During his first term, Cunliffe chaired the Commerce Select Committee and also sat on the Finance and Expenditure, and Regulations Review select committees. In 2003 he was appointed to Cabinet as Minister of State and Associate Minister of Finance; Revenue; and Communications and Information Technology. In 2004, he became Minister for Communications and Information Technology. He went on to become Minister of Immigration and later Minister of Health. As Minister for Communications and Information Technology he forced Telecom to unbundle its local loop monopoly. 
"Socialism's not a word that I use"
MICHAEL David Cunliffe, we've seen that John Key has talked to the British Conservative Party recently. Helen Clark had a very close relationship with the British Labour Party. Is that something you're keen to continue with?
CUNLIFFE Certainly keen to continue good relationships with sister parties. We see quite a lot of the Australian Labor Party. We will have contact with the American Democrats and with the British Labour Party.
MICHAEL Ed Miliband in particular said there's going to be a return to socialism, that he's bringing it back. Is that a policy; is that a line you are going to take?
CUNLIFFE I've said in the primary race repeatedly that a Labour Party that I lead would be a true red Labour Party, be very clear about its social democratic roots and its social democratic agenda.

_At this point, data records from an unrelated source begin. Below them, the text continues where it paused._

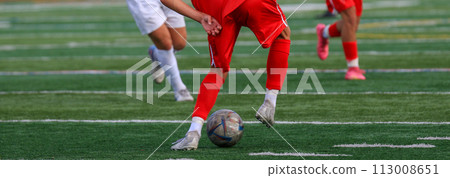 Soccer player dribbling the ball from behind Soccer player dribbling the ball from behind 113008651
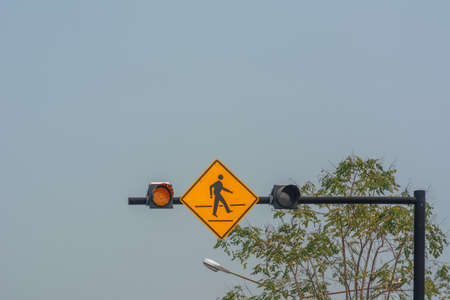 Over head warning sign for people crossing the road with blue sky background.の写真素材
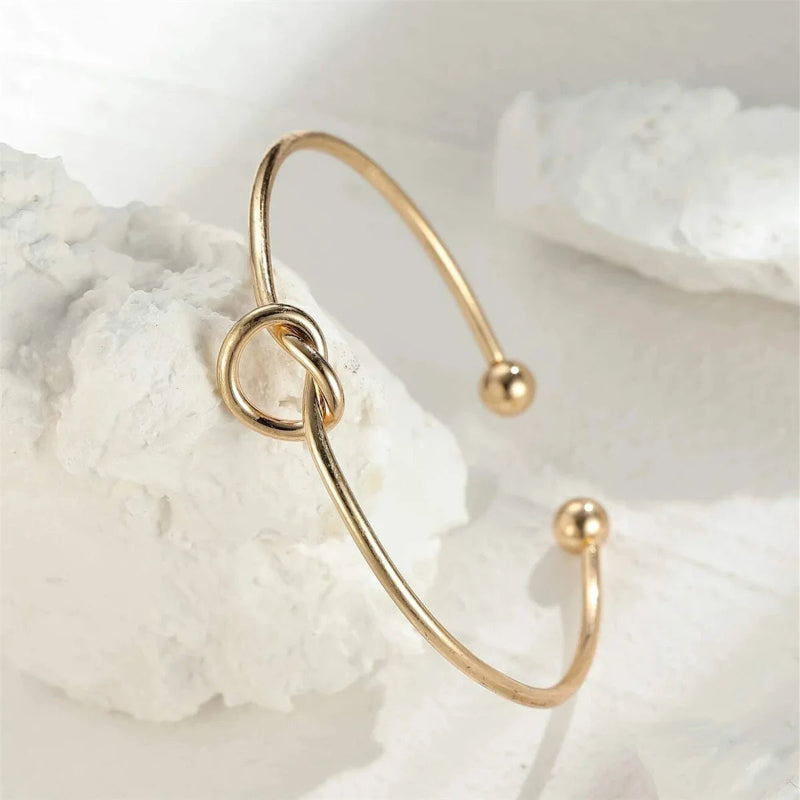 Gold bracelet on a white shell background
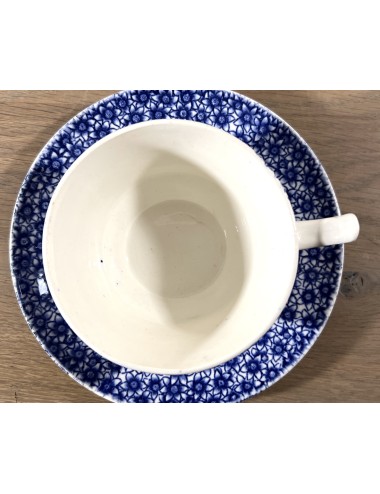 Cup and saucer - not marked but Petrus Regout - décor DUIVEN in blue with a 'devils ear'.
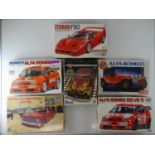 A group of unbuilt 1:24/25 scale plastic car kits, various examples by TAMIYA, AIRFIX and others (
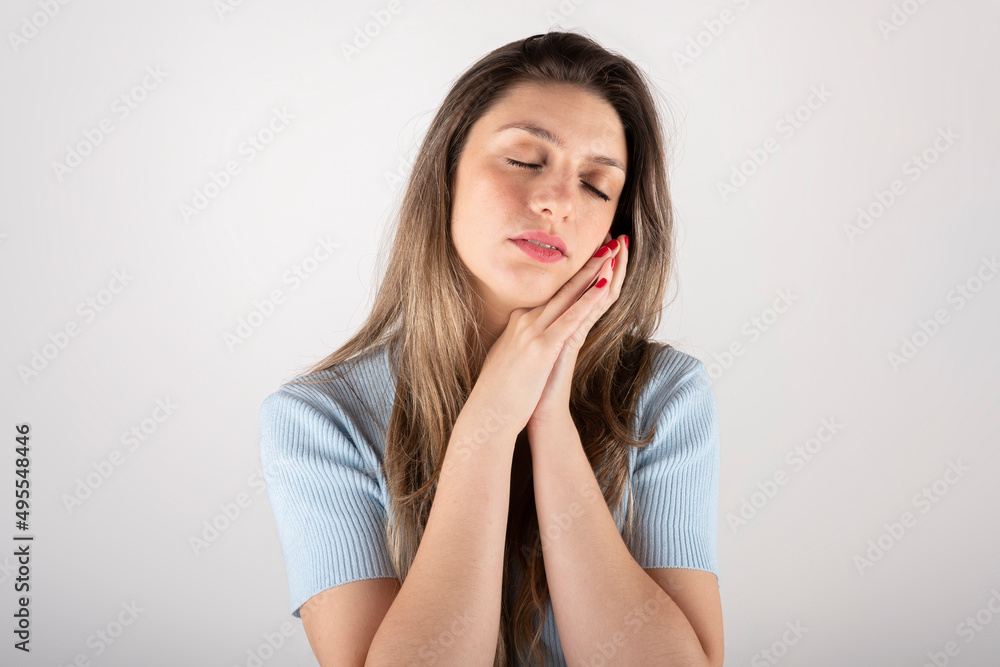 Portrait of a young blond woman daydreaming, with a relaxed and positive attitude on a white background Portrait of a young blond woman daydreaming, with a relaxed and positive attitude on a white background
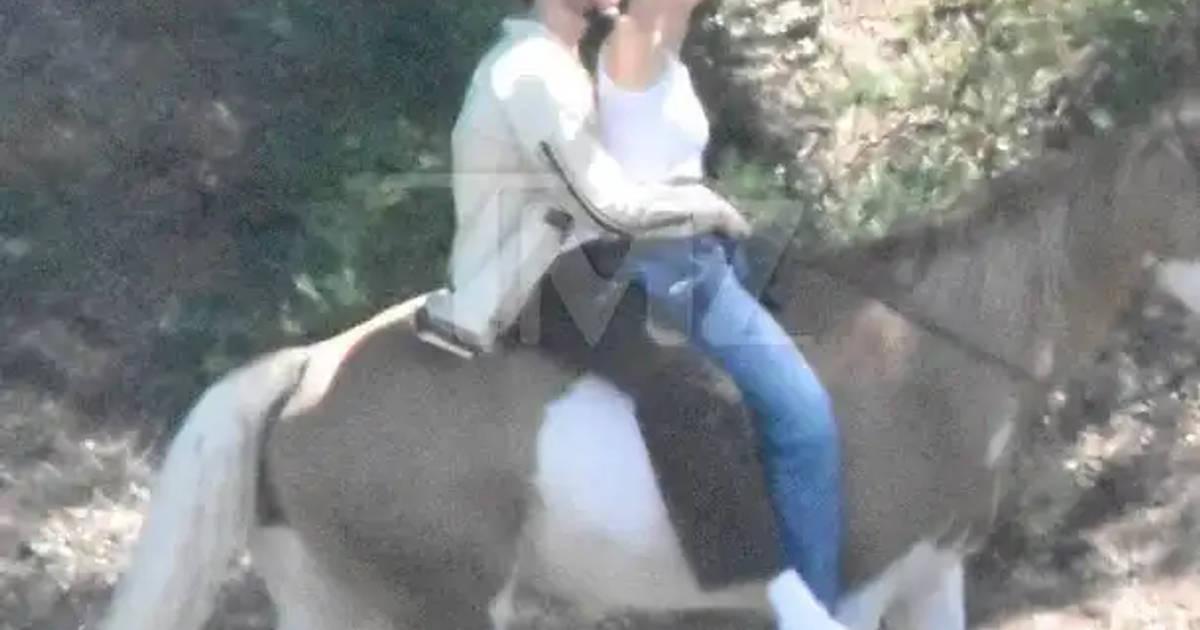 Bad Bunny and Kendall Jenner on a horse taking a photo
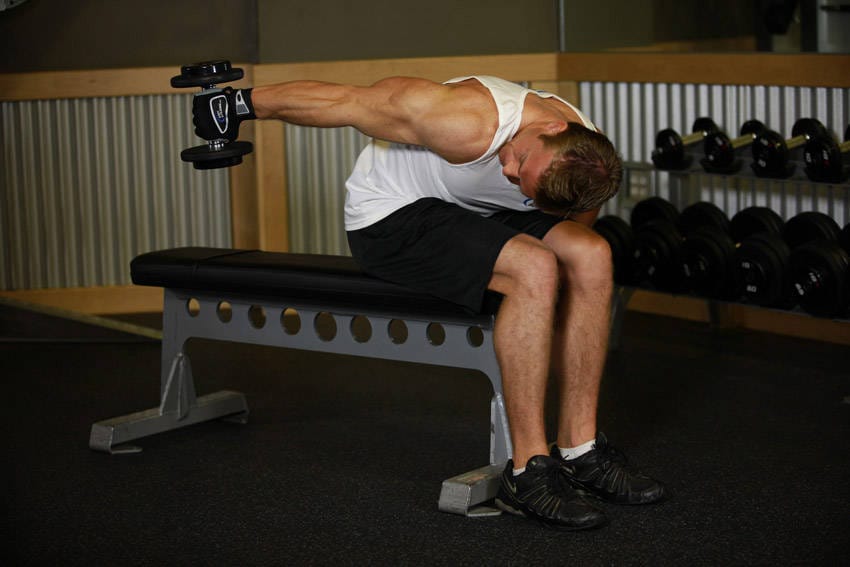 Seated Bent-Over One-Arm Dumbbell Triceps Extension - Step 1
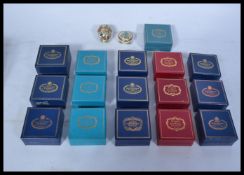 A large collection of 20th century Halycon Days and Bilston and Battersea enamel on copper pill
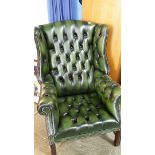 Green leather wingback armchair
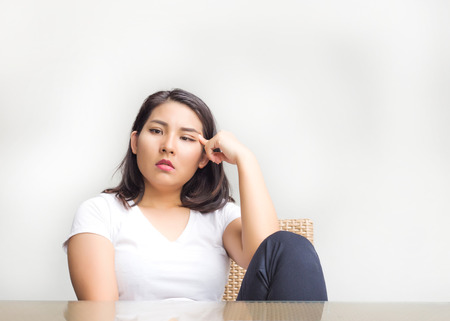 thinking asian woman siting on chair and table look out of spaceの写真素材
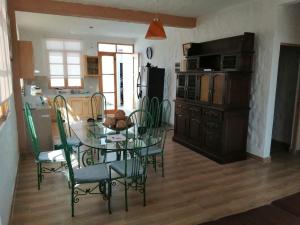 a dining room with a glass table and chairs at Villa Luna in Chincha
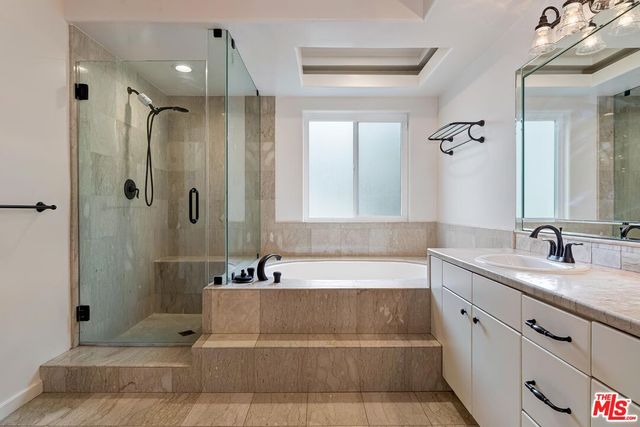 a view of a hallway with workspace and entryway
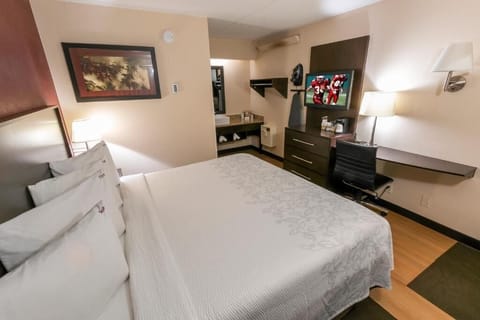 Recharge in a simple, comfortable room designed for deep sleep.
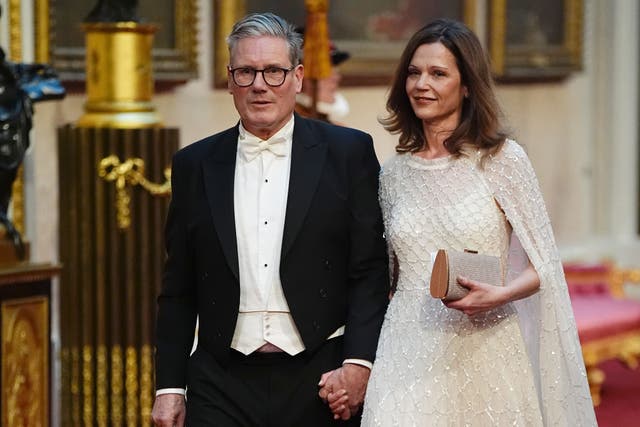 <p>Labour leader Sir Keir Starmer and his wife Victoria make their way along the East Gallery to attend the state banquet for Emperor Naruhito and his wife Empress Masako of Japan at Buckingham Palace (Aaron Chown/PA)</p>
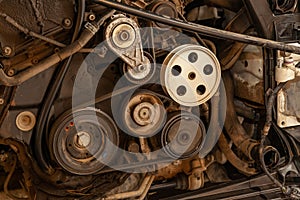 Close up shot of the pulley system and drive belt on a powerful diesel or gasoline used engine with parts of the car and vehicles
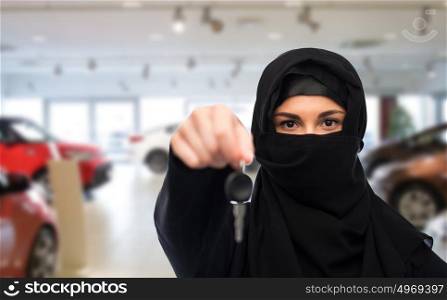 property and people concept - muslim woman in hijab with car key over car show background. muslim woman in hijab with car key over car show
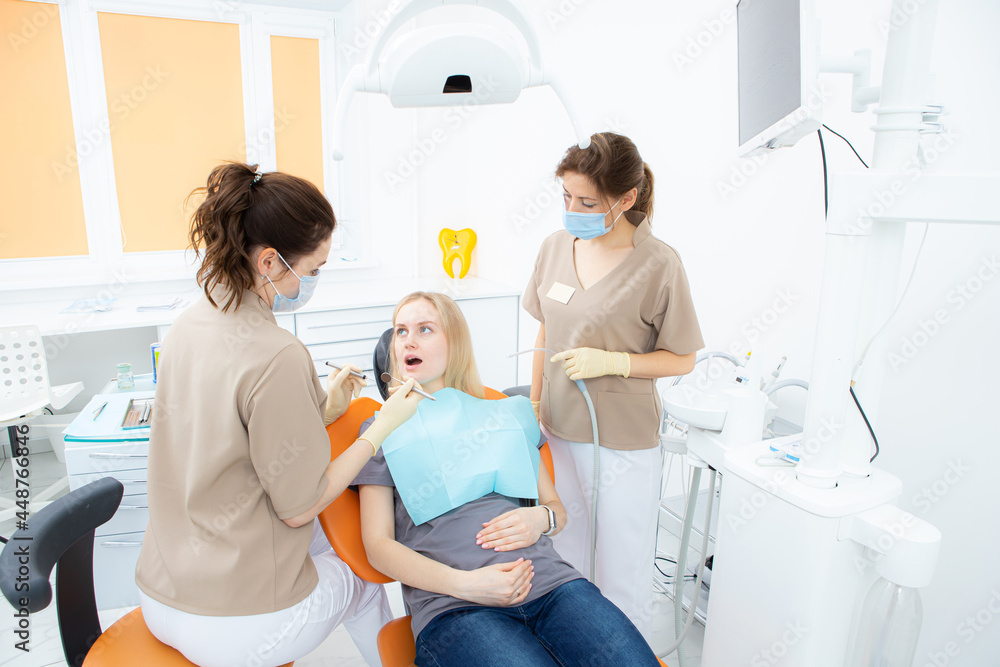 pregnant woman at the dentist's office, checkup and dental treatment for pregnant women. pregnant woman at the dentist's office, checkup and dental treatment for pregnant women.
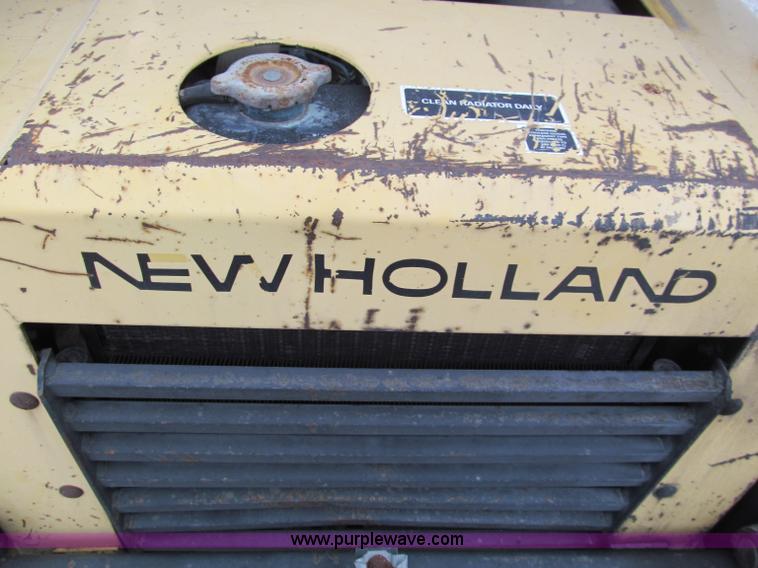 image for item E5770 1987 New Holland L555 Deluxe skid steer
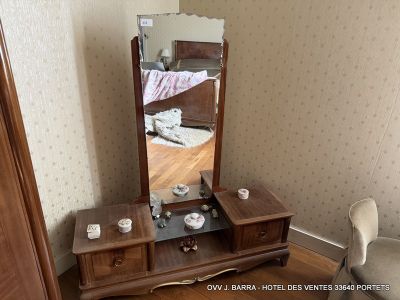 an image of a bedroom with a dresser and a mirror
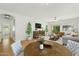 Spacious living room with hardwood floors and large windows at 1381 W Birch Rd, Queen Creek, AZ 85140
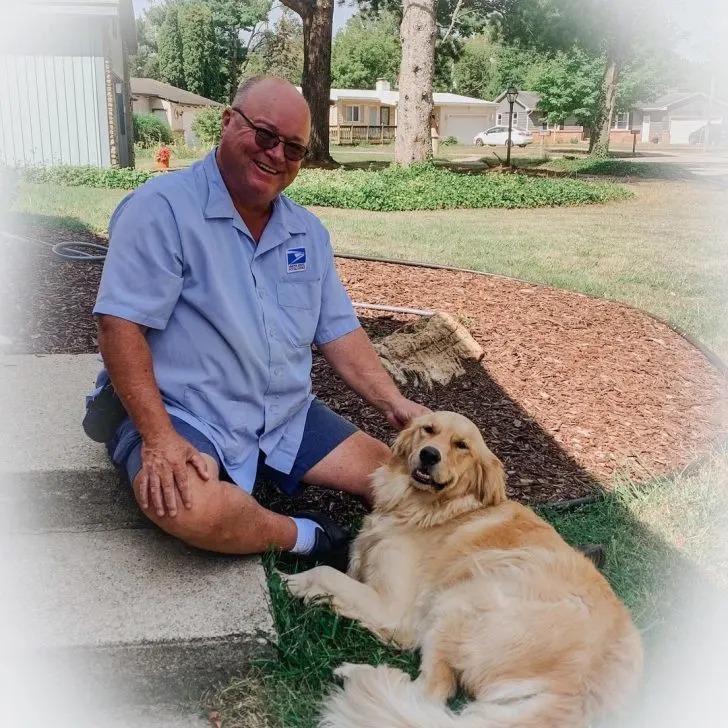 dog and mailman smiling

We want to give the 800,000 people that could not be bothered getting out of bed to vote in the last election a reason to vote, and it will be because it is in their and their families' interests to do so.
MICHAEL Will socialism get those 800,000 people out to vote?
CUNLIFFE Socialism's not a word that I use. I say social democracy because I don't think the government needs to own all the means of production. That's not our intention. But we will be there for ordinary New Zealanders, and we will make a change for the better in their lives. That we guarantee.